My business turned four years old on Monday. *party horn* Day One feels soooo long ago. Last year I wrote about what had changed for me over three years of entrepreneurship, and this year I want to hit the highlights of what feels different four years into this adventure.
I'll share more business-y posts for the next three weeks as I bring back Entrepreneurship Month on the blog, but today I want to share how doing purpose-driven work has changed me on a personal level. My business has been a huge vehicle for personal growth, and that's something we don't talk about a lot because we're busy reformatting resumes, choosing the best WordPress plugins, and optimizing our social media postings.
Today, let's remember why all the work we do matters in our own lives.
Here are the most significant things that have changed for me over the last four years:
I don't call myself an actor anymore, and I don't struggle with that.
The thought of moving on from acting brought on a painful identity crisis. You could say that Kleenex sponsored my career change with all the tears they dried up. But I don't have any lingering pangs now. I still miss acting, and probably always will, but I don't miss being a professional actor and everything that comes with it. I don't have regrets about my acting career, and I'm grateful to be doing other work now. There was a time when I thought I'd never have peace around this. Now? I rarely ever think about it.

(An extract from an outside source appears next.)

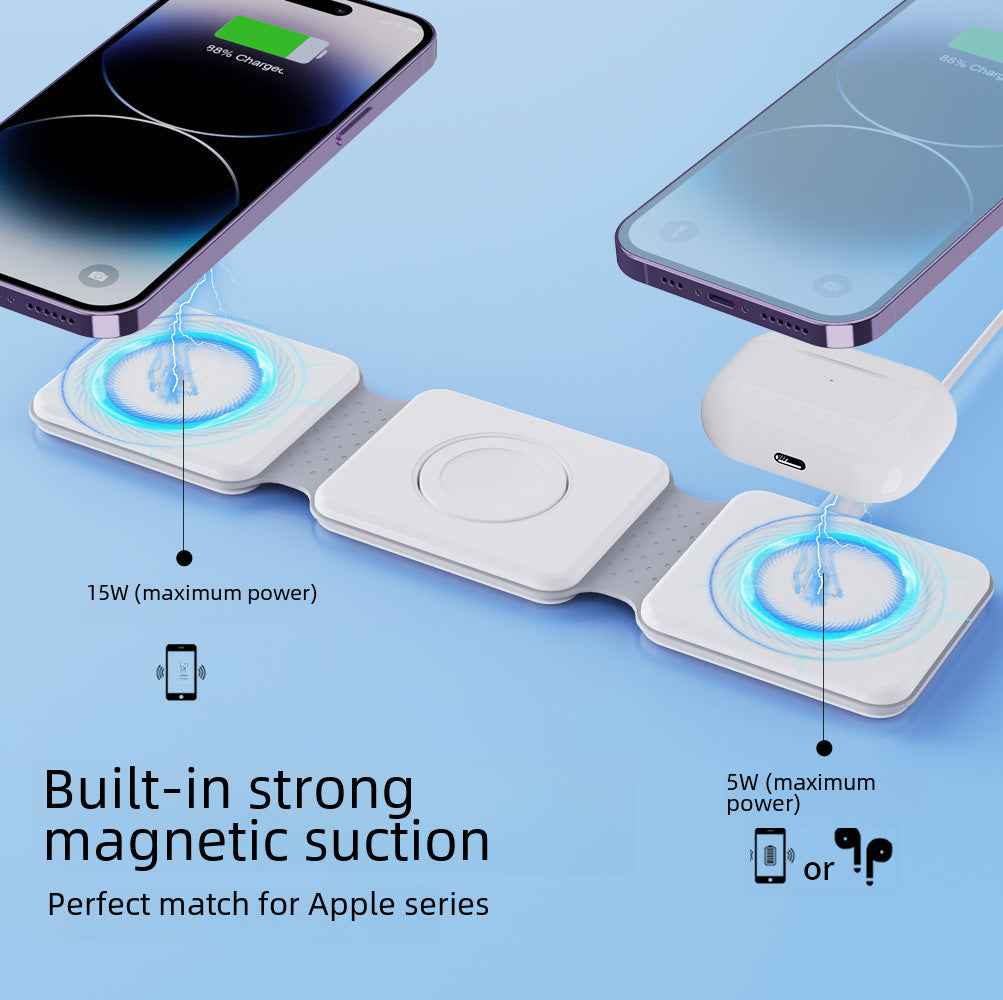 Foldable 3-in-1 Magnetic Wireless Charger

I have the freedom to move wherever my family wants or needs to go.
As an actor, I was fairly limited in the locations I could live and still have access to bountiful professional work. Now my work can happen anywhere with an internet connection. That kind of location independence meant that we could move for my husband's work and I didn't have to miss a beat. This also meant that he had more options because my location wasn't a concern. Moving closer to our families has meant seeing them more often, something I constantly starved for in LA. This has made a huge difference in my quality of life, especially now that I have a kiddo and want him to be able to spend time with his grandparents and aunties.
My work is still important to me, but I'm less enmeshed with it.
This shift might have come on its own, but CAF has certainly facilitated this change. I don't eat, live, and breathe being a career coach the way I did being an actor. I still looooove what I do, but I don't feel trapped or identified by it.
I had my first $10,000 month last year.
Like, ever. I know many people hit this milestone much sooner in their online careers, but this is when it happened for me. Laura from four years ago wasn't convinced this was possible. I feel a mental shift now that I've had a 10k month, like it wasn't that hard and I can do it again. And hopefully again and again and again. I feel like I've moved up a weight class and am ready to grow into the next level of my business, which means the next level of Laura, as well.
I feel a relaxed confidence in my ability as a coach.
My first year, I think I got a little nervous before every coaching session. I still look forward to coaching calls, but I don't doubt that I can help the client on the other end of the line. Part of this is because I've narrowed my focus and don't try to help people solve every problem under the sun. By choosing specialties, I've gotten to know a few topics in more depth and get excited when someone asks a question I've never heard before.
I feel less alone.
If I need feedback on something, there are lots of people I can email or text. If I want to hire someone, I know where to look or where to ask for recommendations. I have a regular assistant. I hired someone for some tech help for the first time last year. I trust that I can find whatever support and camaraderie I'd like to have.
I trust that I'll figure out the how part.
How stuff is going to happen or get done used to stress me out. I wanted to know, now, how it was going to work out. I still get stressed sometimes, but I figure that it will work out, even if I can't see how all the dots connect just yet. Assuming things are going to work out and that I can handle things has meant being more decisive and things happening a lot faster than they used to. No more brooding over possible offerings for months or wondering if I can pull off a launch. It's go time a lot of the time. This just feels cleaner and lighter.
My work makes a positive difference for others.
I just so happen to be working for myself, but this could have happened at a purpose-driven job, as well. As an actor, I frequently questioned the bigger worth of my pursuits. I enjoyed it, but did it really matter to anyone else? I don't question that now. I know that I help people in ways that are important to me and them, and that feels really, really good.
Those are my biggies to share at year four.
I'd love to know...
What has changed since you started working for yourself? Or what do you wish would change for you if you did?